▶ _YOUR OBJECTIVE_
Write out again, unchanged, the line that has "تصویر 3 از قیمت" and each following line through the end of the entries below; leave pictures out.

▶ _PROVIDED INFORMATION_
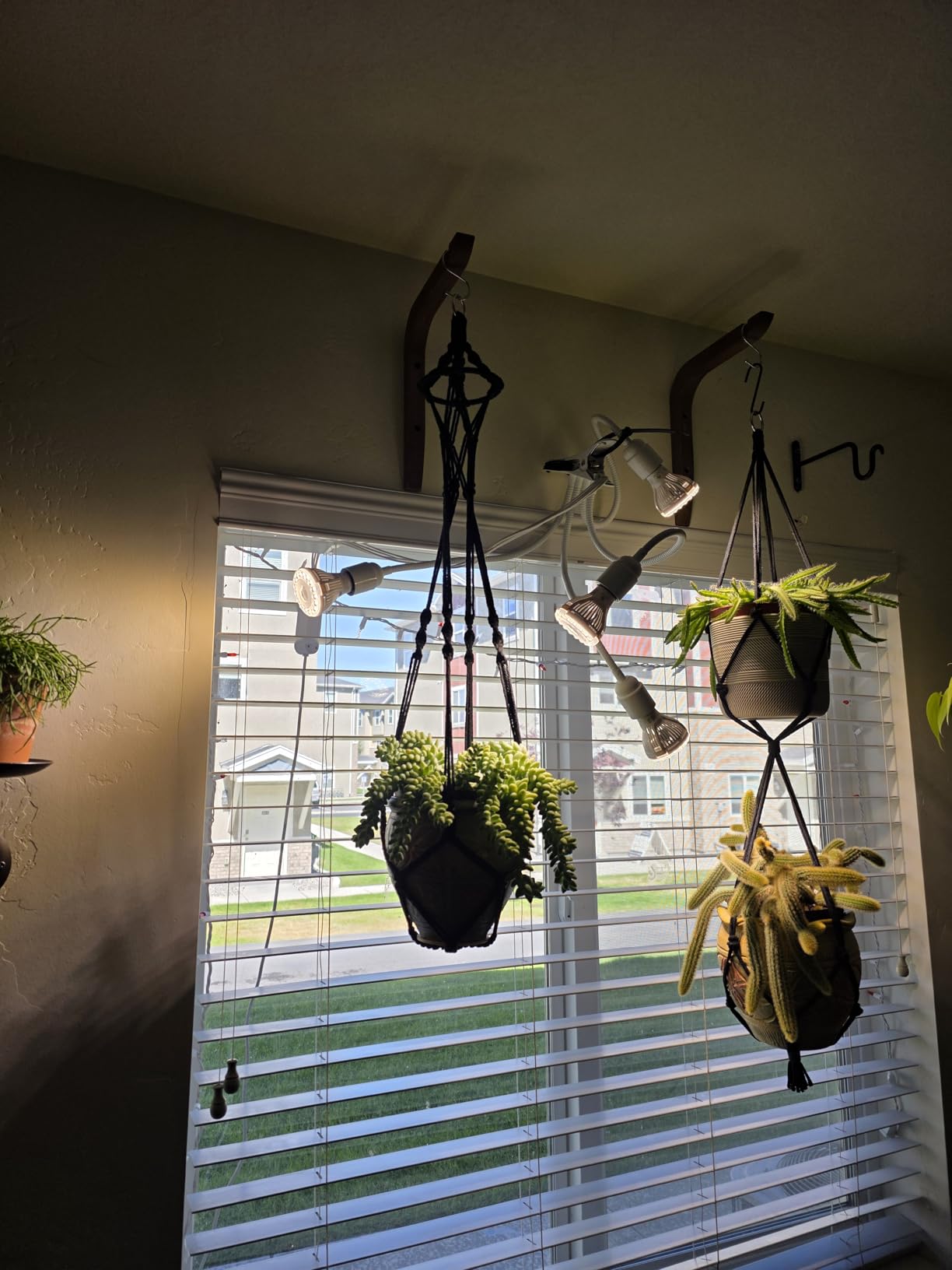 SANSI Grow Lights for Indoor Plants, 20W Clip-On Gooseneck LED Plant Lights customer photo 1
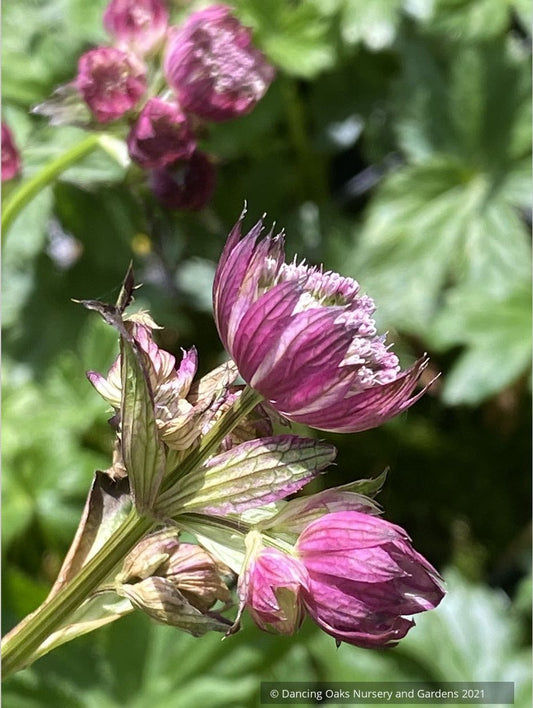 Astrantia major 'Abbey Road', Great Masterwort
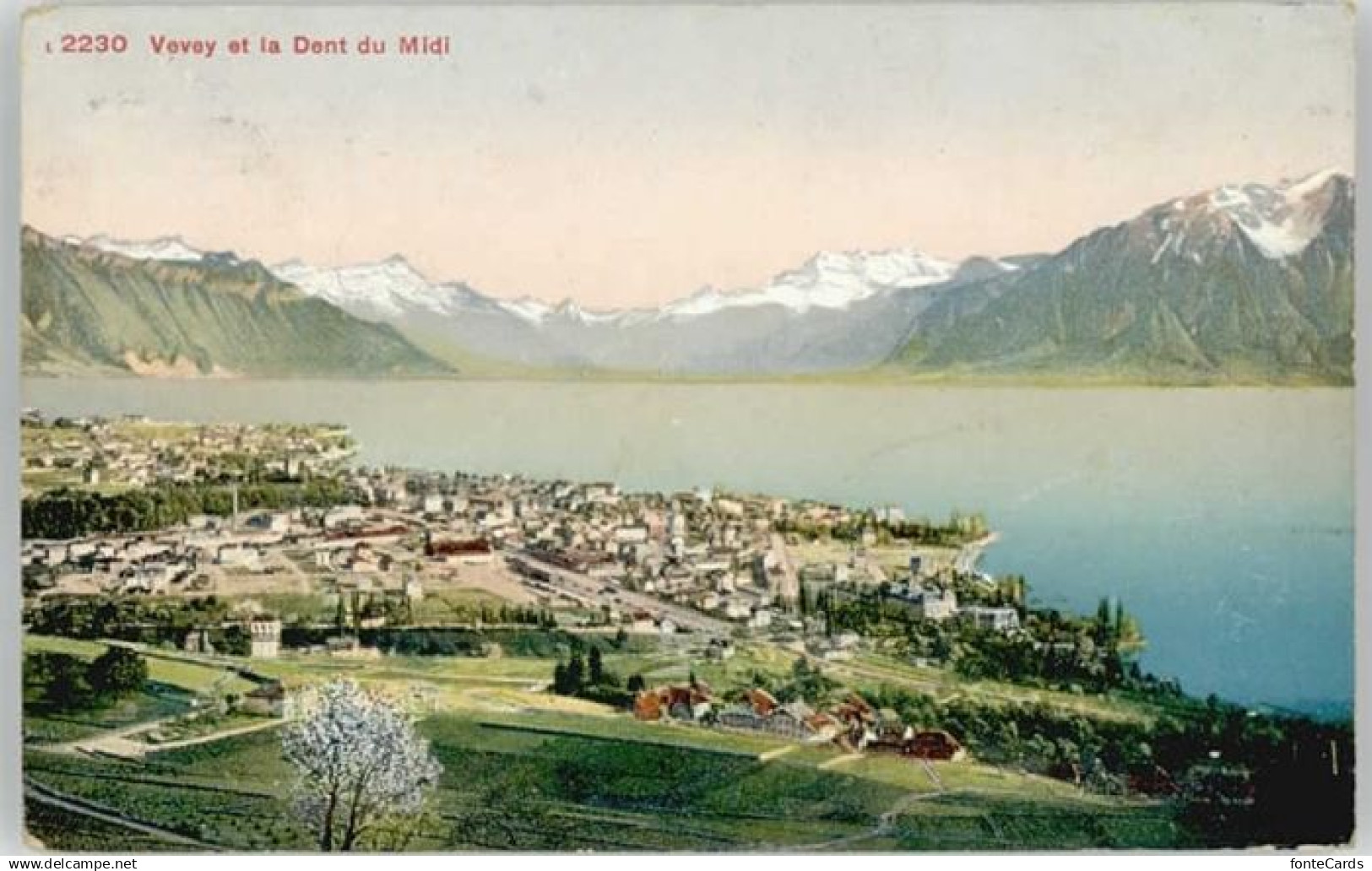 10571564 Vevey VD Vevey  x Vevey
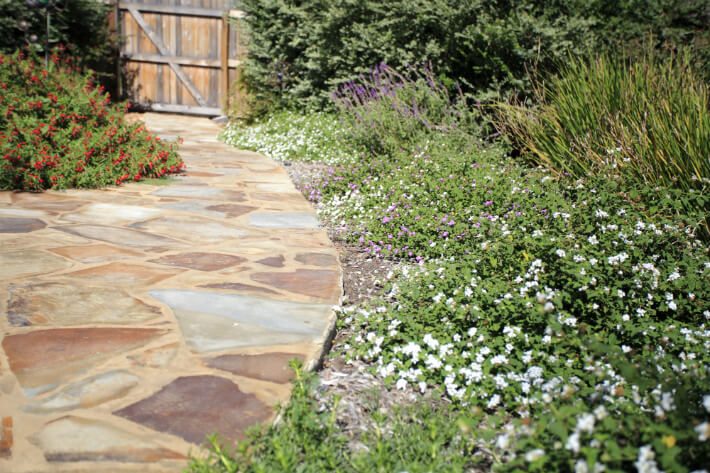 flowers spilling onto pathway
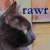 :iconduchessofquirk:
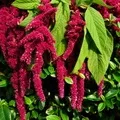 Квітка () 7 букв - пошук слів за маскою та визначенням, відповіді на сканворди квітка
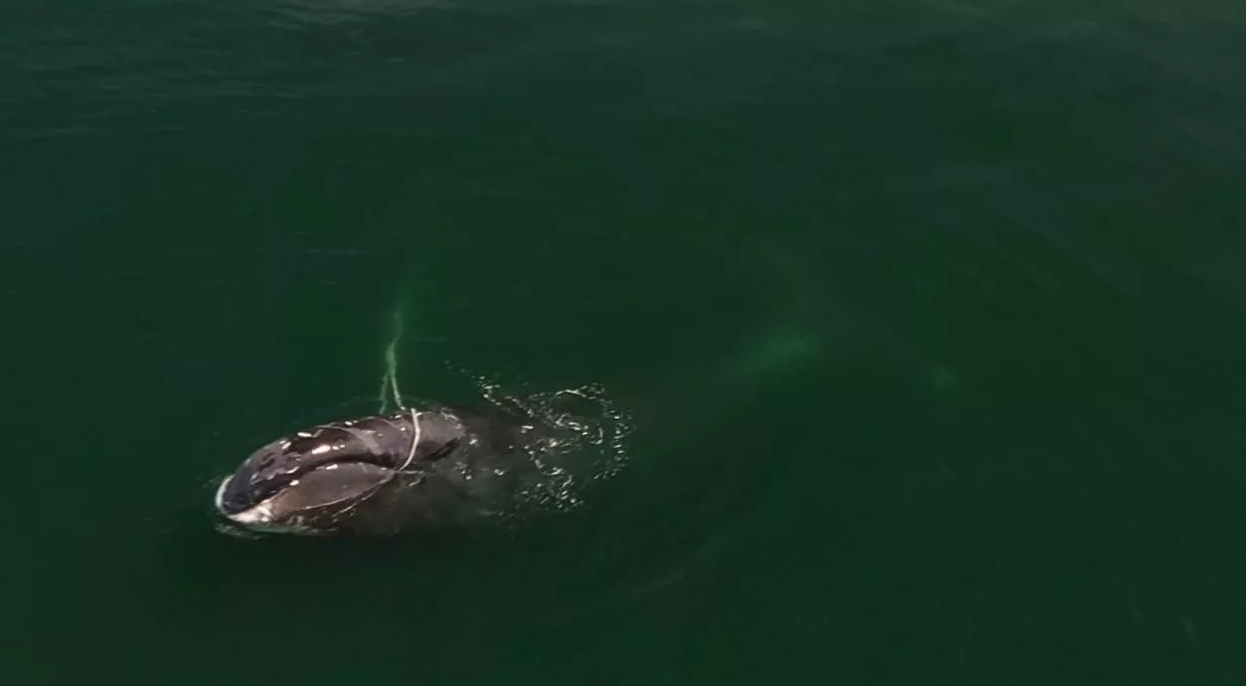 Спасатели срезали почти все снасти, в которых запутался кит в охотском море 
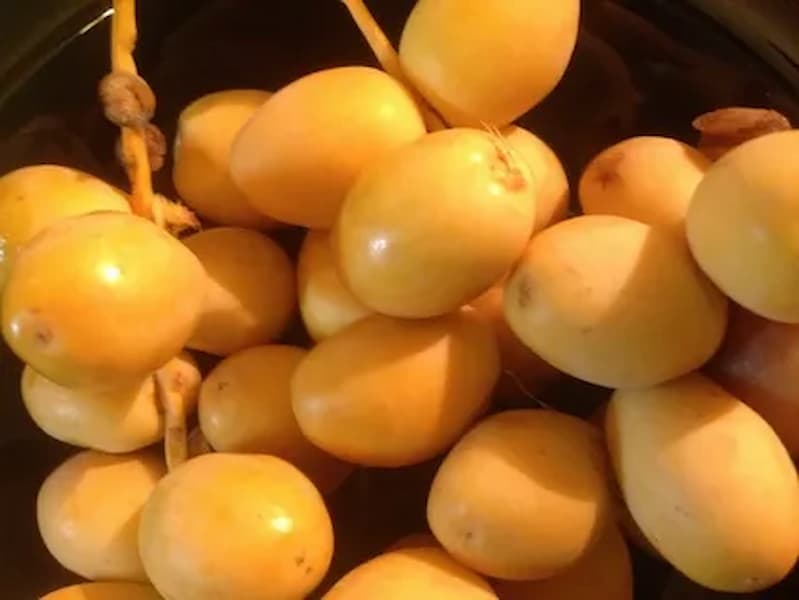 تصویر 3 از قیمت خرید خرما برحی تازه  با فروش عمده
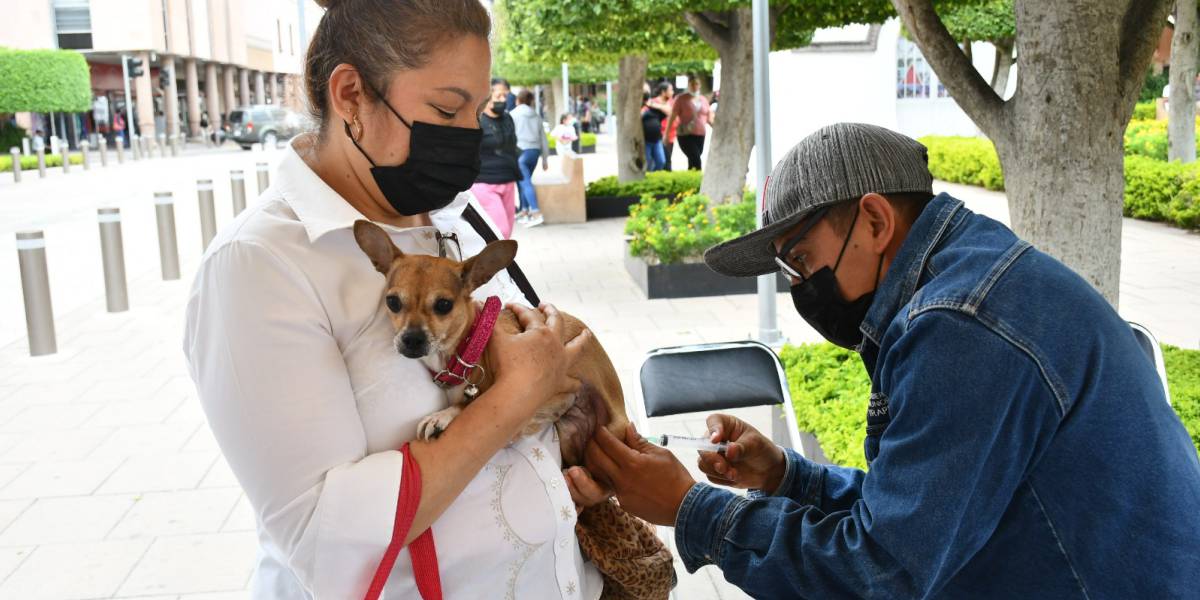 Invitan a vacunar a mascotas contra la rabia – Gobierno Municipal de Irapuato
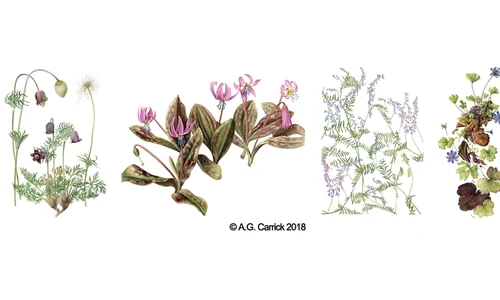 Centenarul Marii Uniri: Prințul Charles publică la Londra un excepțional album de artă dedicat florei sălbatice din Transilvania jpeg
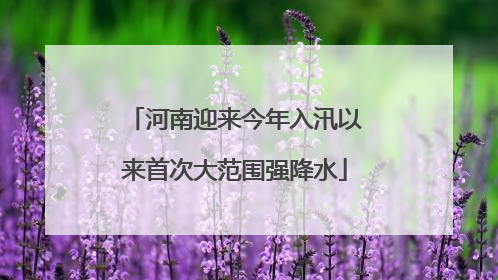 河南迎来今年入汛以来首次大范围强降水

▶ _RESULT_
 تصویر 3 از قیمت خرید خرما برحی تازه  با فروش عمده
 Invitan a vacunar a mascotas contra la rabia – Gobierno Municipal de Irapuato
 Centenarul Marii Uniri: Prințul Charles publică la Londra un excepțional album de artă dedicat florei sălbatice din Transilvania jpeg
 河南迎来今年入汛以来首次大范围强降水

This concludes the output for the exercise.